Introducendo l’ex ladro a corte, Nobukado è molto preoccupato: riuscirà questo popolano impulsivo e violento a impersonare il Principe al punto da ingannare non solo i nemici ma anche i cortigiani e le concubine del defunto? Dovrà ricredersi. All’inizio il comportamento del kagemusha è improntato a mera convenienza (tanto per dimostrare che non ha perso il vecchio vizio, una notte si fa sorprendere mentre tenta di «scassinare» la giara in cui è stato imbalsamato Shingen); poi per non deludere le attese del clan prende gusto al gioco, la sua interpretazione impeccabile convince tutti, persino il nipote di Shingen. Supererà brillantemente anche la prova del fuoco della battaglia. Quando l’impaziente Katsuyori decide di attaccare da solo un castello nemico, per salvare la faccia il clan deve proteggergli le spalle e il kagemusha viene esposto bene in vista sopra una collina protetto dalla sua guardia; in quell’infernale carosello notturno di attacchi e contrattacchi notturni (i giovani della guardia che gli fanno da scudo gli cadono intorno a mucchi) il kagemusha si identifica così intimamente nel suo ruolo che a un certo punto sorprendendo Nobukado usa le stesse parole di Shingen («Nessuno si muova, restate immobili come una montagna!»). Nobukado comincia a preoccuparsi di quella miracolosa metamorfosi: a forza di imitare il Principe Shingen, il guerriero-ombra ne ha assunto la personalità perdendo la propria identità; lo spirito del Maestro si è reincarnato nella sua ombra; quando si scoprirà che la persona (Shingen) è morta che ne sarà dell’ombra? «L’ombra non può esistere senza la persona...».

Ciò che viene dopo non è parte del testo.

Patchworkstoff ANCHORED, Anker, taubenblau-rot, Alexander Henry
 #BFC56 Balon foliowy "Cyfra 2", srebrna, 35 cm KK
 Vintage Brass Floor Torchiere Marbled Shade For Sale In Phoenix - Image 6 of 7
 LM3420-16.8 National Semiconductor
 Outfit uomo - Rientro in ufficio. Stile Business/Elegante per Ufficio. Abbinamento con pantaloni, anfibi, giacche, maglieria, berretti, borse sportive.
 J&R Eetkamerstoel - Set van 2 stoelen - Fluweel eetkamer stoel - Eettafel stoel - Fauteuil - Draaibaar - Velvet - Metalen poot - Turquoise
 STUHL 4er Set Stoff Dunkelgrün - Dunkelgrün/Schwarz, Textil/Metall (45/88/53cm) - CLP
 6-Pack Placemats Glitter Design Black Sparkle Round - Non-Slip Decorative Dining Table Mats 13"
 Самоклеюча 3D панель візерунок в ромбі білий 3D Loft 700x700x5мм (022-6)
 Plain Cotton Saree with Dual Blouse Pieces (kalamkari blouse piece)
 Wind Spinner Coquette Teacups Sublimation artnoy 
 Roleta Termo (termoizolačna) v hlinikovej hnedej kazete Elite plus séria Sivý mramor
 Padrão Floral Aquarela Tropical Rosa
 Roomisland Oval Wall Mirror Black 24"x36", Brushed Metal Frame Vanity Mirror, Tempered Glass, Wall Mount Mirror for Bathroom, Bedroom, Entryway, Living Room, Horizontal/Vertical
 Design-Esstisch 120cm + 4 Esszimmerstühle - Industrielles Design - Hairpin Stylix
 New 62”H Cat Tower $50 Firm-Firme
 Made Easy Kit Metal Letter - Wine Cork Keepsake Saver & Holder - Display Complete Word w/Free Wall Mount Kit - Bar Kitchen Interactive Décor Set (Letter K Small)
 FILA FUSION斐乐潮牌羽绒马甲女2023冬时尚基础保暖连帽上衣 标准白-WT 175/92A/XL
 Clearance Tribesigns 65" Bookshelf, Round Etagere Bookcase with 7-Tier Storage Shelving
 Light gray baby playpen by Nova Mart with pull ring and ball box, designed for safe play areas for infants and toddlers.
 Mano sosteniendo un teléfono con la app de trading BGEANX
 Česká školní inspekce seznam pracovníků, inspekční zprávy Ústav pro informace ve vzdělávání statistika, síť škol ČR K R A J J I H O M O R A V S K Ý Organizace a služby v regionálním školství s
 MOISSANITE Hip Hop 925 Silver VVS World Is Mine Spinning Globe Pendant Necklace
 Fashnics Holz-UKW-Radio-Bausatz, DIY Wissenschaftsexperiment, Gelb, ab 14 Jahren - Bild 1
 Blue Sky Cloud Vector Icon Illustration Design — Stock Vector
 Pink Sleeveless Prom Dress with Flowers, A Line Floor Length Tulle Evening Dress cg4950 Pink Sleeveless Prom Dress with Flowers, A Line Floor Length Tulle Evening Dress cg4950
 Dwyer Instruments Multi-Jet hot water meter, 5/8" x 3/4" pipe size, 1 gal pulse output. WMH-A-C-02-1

La farsa del kagemusha è durata due anni. È riuscito a ingannare tutti, tranne il cavallo di Shingen. Disarcionato nel cortile del castello davanti alle cortigiane, smascherato, il kagemusha viene messo alla porta senza spiegazioni con un semplice benservito. Il suo stupore è tale che le guardie debbono cacciarlo a sassate. Come Il fu Mattia Pascal il povero kagemusha si ritrova «senza base, senza consistenza, l’ombra di un morto»; la brutale scoperta lo lascia «sbalordito, vuoto, annientato» (curiosamente, il commento più appropriato alla tragedia del kagemusha lo si trova nel capitolo XV del Fu Mattia Pascal). Al povero attore senza identità non resta che «seguitare la parte fino alla fine» come Enrico IV. Troverà la pace, la «persona», solo nel paese delle ombre.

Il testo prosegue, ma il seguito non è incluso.